* _Task objective_
Restate word for word the material below, starting at the line that contains "Slazenger RATAN Erkek Tişört Siyah" and stopping after the last line; skip pictures.

* _Exercise inputs_

★ ★ ★ ★

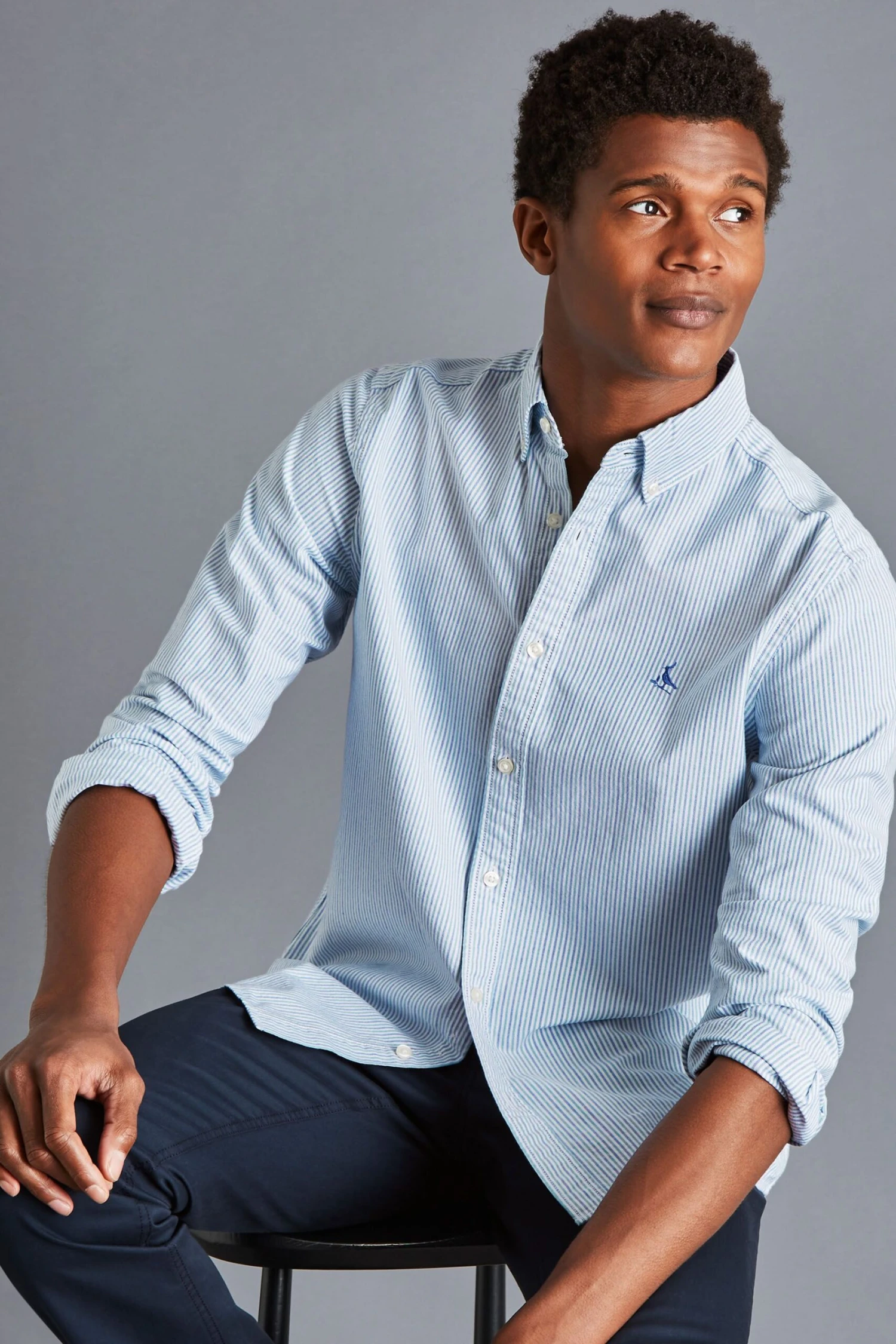 Charles Tyrwhitt Slim Fit Button-Down Washed Oxford Shirt 5 Charles Tyrwhitt Slim Fit Button-Down Washed Oxford Shirt - Image 3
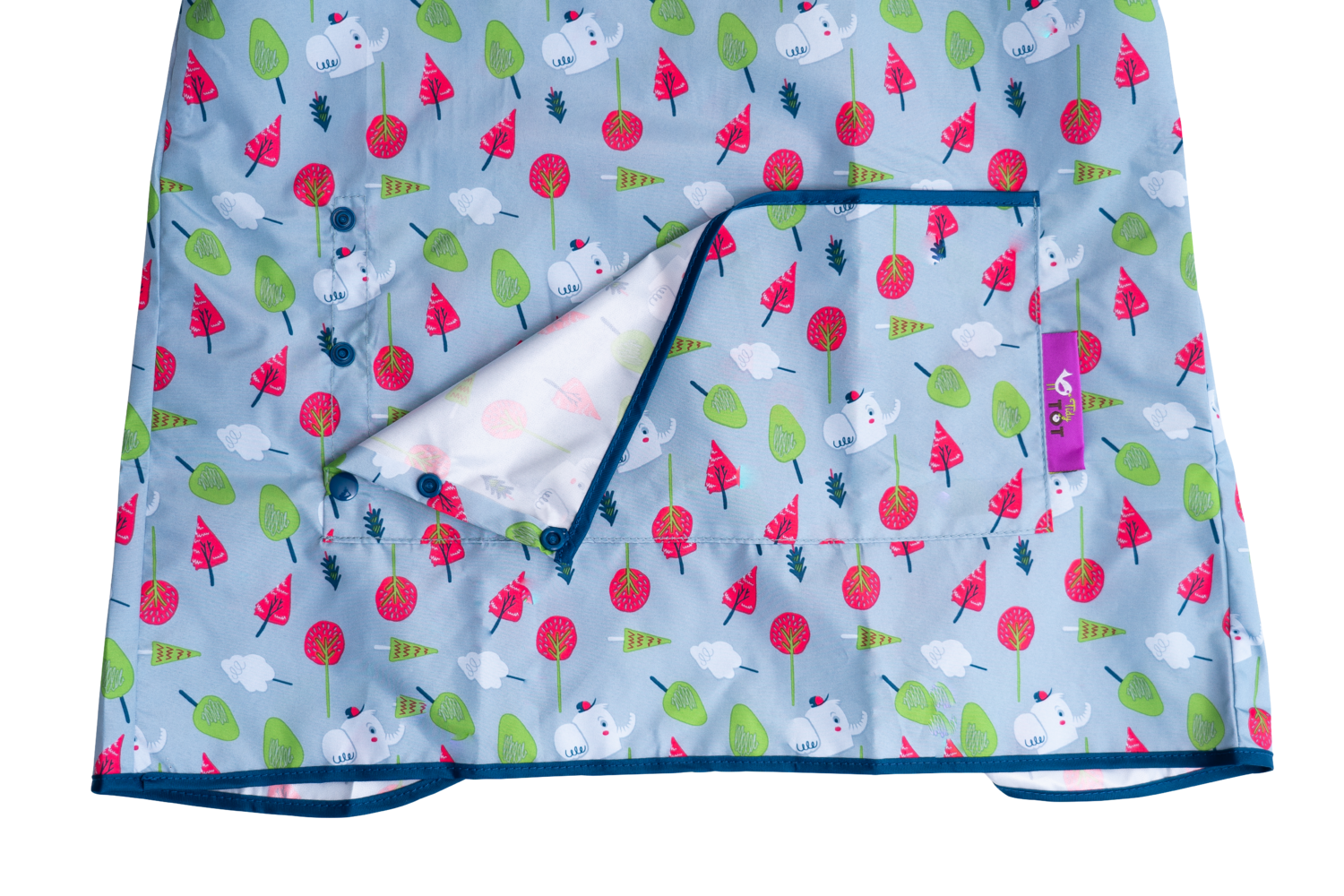 BAVETA LUNGA CU BUZUNAR - COPACEI COLORATI - TIDY TOT (LLBMT) - Libelula Vesela - Puericultura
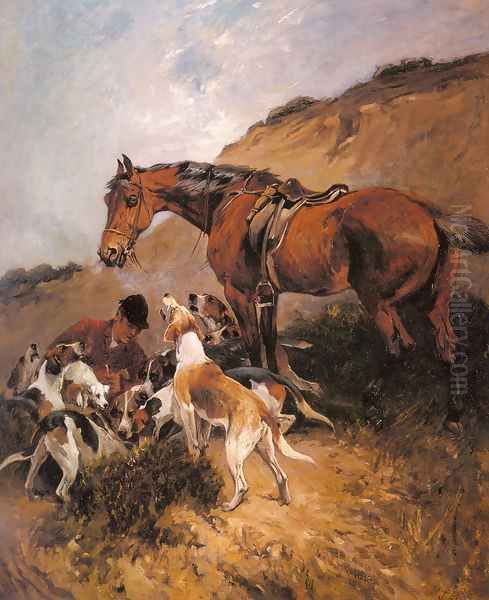 Gone To Ground Oil Painting by John Emms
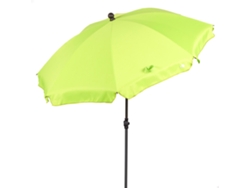 AKTIVE Sombrilla playa grande inclinable verde 200 cm UV30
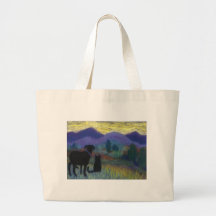 Mountain Dogs Tote Bags
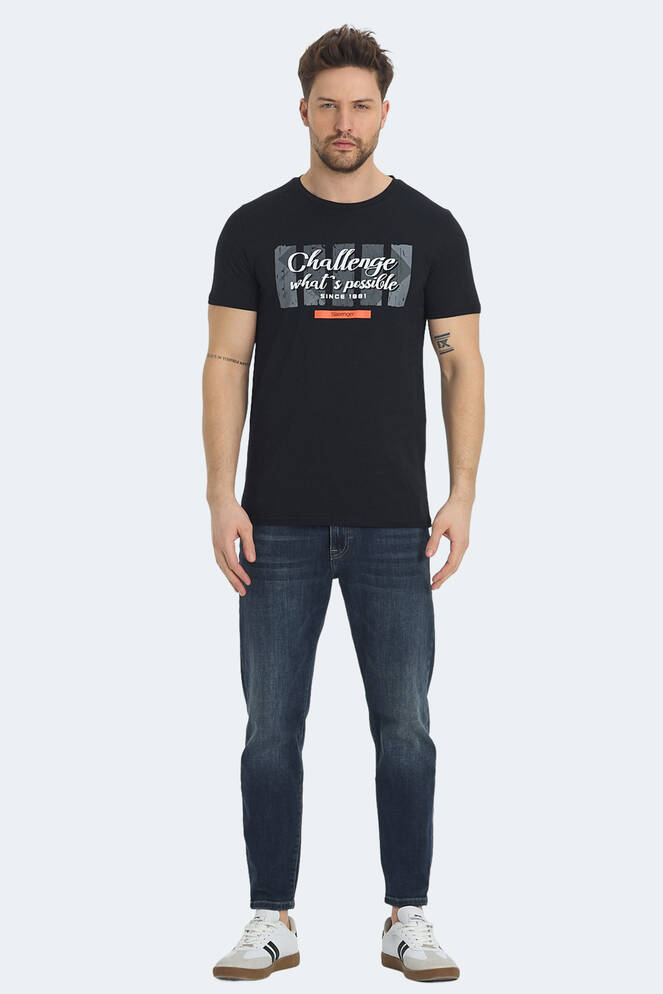 Slazenger RATAN Erkek Tişört Siyah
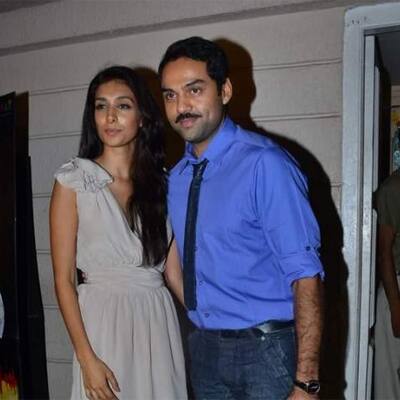 Preeti Desai and Abhay Deol spotted at the success party of 'Shor in the city'.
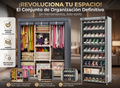 Organizador SpaceMate 2 en 1 / Armario plegable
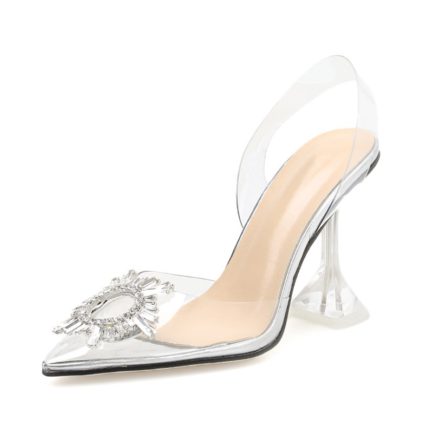 Transparent Clear Crystal Colorful Pvc High Heels Sandals - Power Day Sale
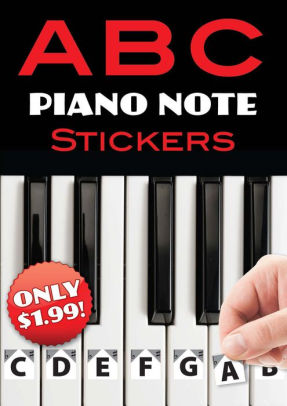 ABC PIANO NOTE STICKERS - DOVER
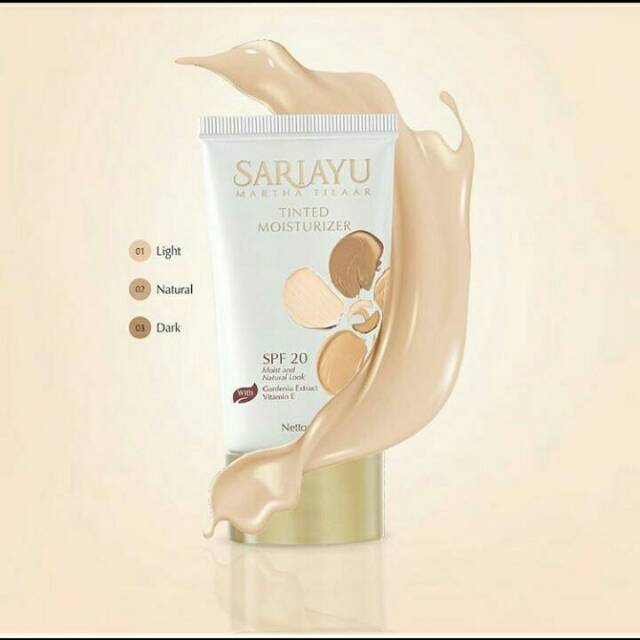 SARIAYU TINTED MOISTURIZER BB CREAM RINGAN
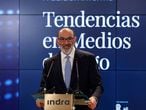 Fernando Abril-Martorell, presidente de Indra, este jueves, en Madrid.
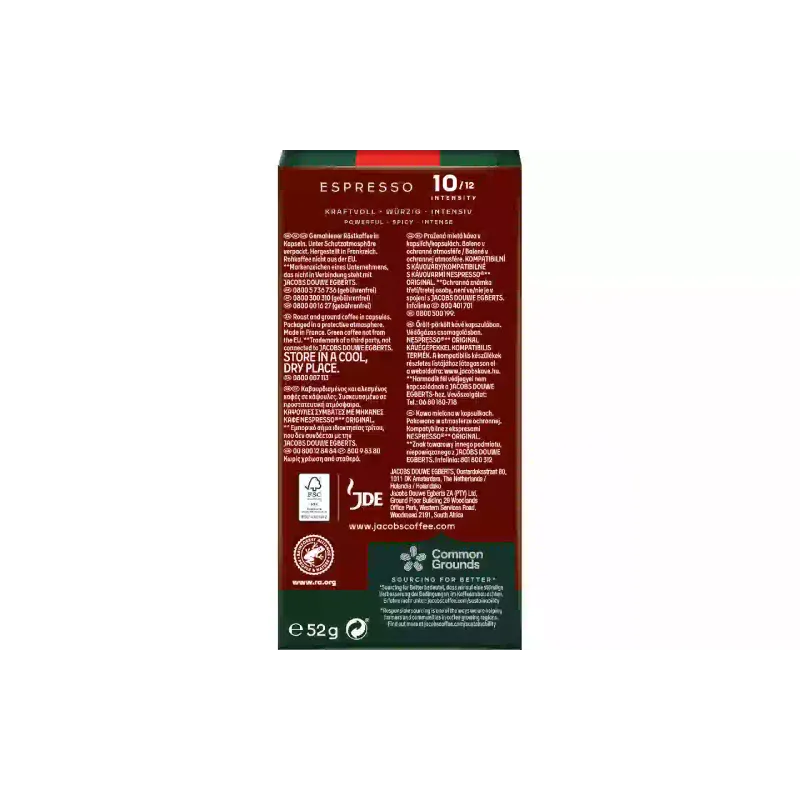 Kava Jacobs Espresso Intenso Nespresso (8711000371183)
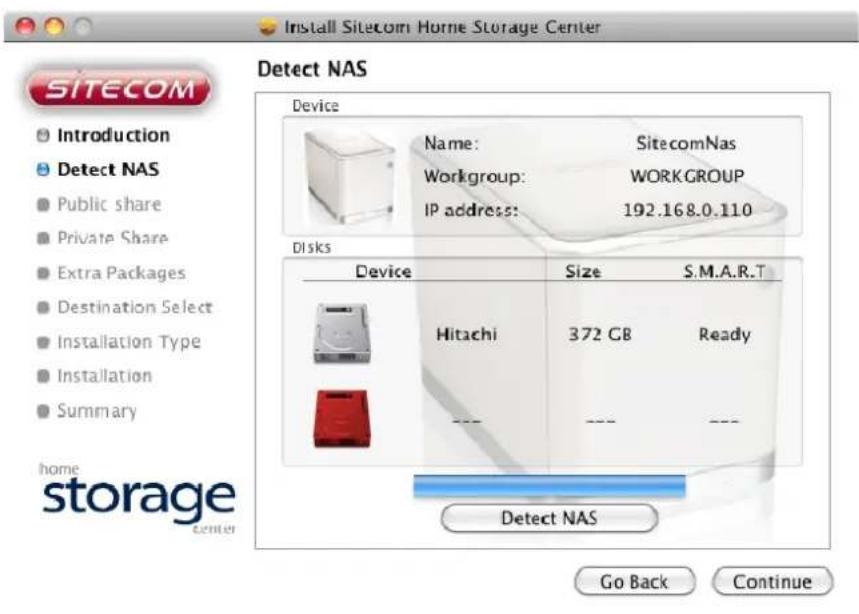 SITECOM MD-254 - Configuring the Home Storage Center Mac - 4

★ ★ ★ ★

* _Answer box_
 Slazenger RATAN Erkek Tişört Siyah
 Preeti Desai and Abhay Deol spotted at the success party of 'Shor in the city'.
 Organizador SpaceMate 2 en 1 / Armario plegable
 Transparent Clear Crystal Colorful Pvc High Heels Sandals - Power Day Sale
 ABC PIANO NOTE STICKERS - DOVER
 SARIAYU TINTED MOISTURIZER BB CREAM RINGAN
 Fernando Abril-Martorell, presidente de Indra, este jueves, en Madrid.
 Kava Jacobs Espresso Intenso Nespresso (8711000371183)
 SITECOM MD-254 - Configuring the Home Storage Center Mac - 4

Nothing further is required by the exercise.